# BANG TX... Cedar Creek, Feb 20



## russ010 (Feb 3, 2010)

Come out and join us for our next tournament. We had a good showing at Lathem, and I think we may have another boat or 2 join us there. This is a membership tx ($25 per person) and the tourney fees are $20 per boat, and $5 per person for big fish - 100% payout.

Cedar Creek reminds me a lot of Lathem, only half the size. It's dang near a spitting image of it.

http://www.bassanglersofnorthgeorgia.com

Directions to Cedar Creek - 

Click on "Get Directions" in the top left of the page, then just add your address in the first line, then copy these coordinates  34.321820, -83.720665 into the "B" field. It should take you straight to the ramp. You can zoom in and out of the map to see the whole lake

http://maps.google.com/?ie=UTF8&ll=34.33075,-83.71964&spn=0.02619,0.055747&t=h&z=15

Let me know who is in...

1. Russ & Chris
2. Dale & Jeff
3. Isaac & Joey
4. Alan
5. Kevin & Ben
6. Tim & Billy
7. Tyler & Shawn
8. Preston & Jessica
9. Leonard & Anthony - back in
10. Jack
11. Jeff C. & David
12. Don + Mike


----------



## tfos (Feb 3, 2010)

As far as i know billy and i are in


----------



## Bugpac (Feb 3, 2010)

Russ, I am there, I fished with Jack today And as far as I know he is there in his boat as well... Im hitting it next week to see what its like...


----------



## turkeyhunter835 (Feb 3, 2010)

see you there


----------



## lizard drager (Feb 3, 2010)

yah come on


----------



## Broncoxlt (Feb 3, 2010)

See ya there


----------



## cetaws6 (Feb 3, 2010)

we'll be there. hitting it up this weekend


----------



## russ010 (Feb 3, 2010)

Bugpac said:


> Russ, I am there, I fished with Jack today And as far as I know he is there in his boat as well... Im hitting it next week to see what its like...
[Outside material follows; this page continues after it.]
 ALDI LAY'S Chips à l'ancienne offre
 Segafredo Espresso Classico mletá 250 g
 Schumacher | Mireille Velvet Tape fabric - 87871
both of you are fishing in separate boats?


----------



## Bugpac (Feb 3, 2010)

He just said he was gonna fish it, I dont know who is gonna fish with me, I got a cpl fellers wanting to...


----------



## jack butler (Feb 4, 2010)

if bugpac fishes with someone i will be in my boat


----------



## russ010 (Feb 4, 2010)

jack butler said:


> if bugpac fishes with someone i will be in my boat



sounds good - glad to have you aboard!!

Just so there are no surprises though - you do know that you'll have to pay the $25 membership fee plus tournament fees right ($20 per boat, $5 per person)?? Don't want you to get there surprised when I ask for your membership fee.


----------



## Antmunch (Feb 4, 2010)

Bugpac said:


> He just said he was gonna fish it, I dont know who is gonna fish with me, I got a cpl fellers wanting to...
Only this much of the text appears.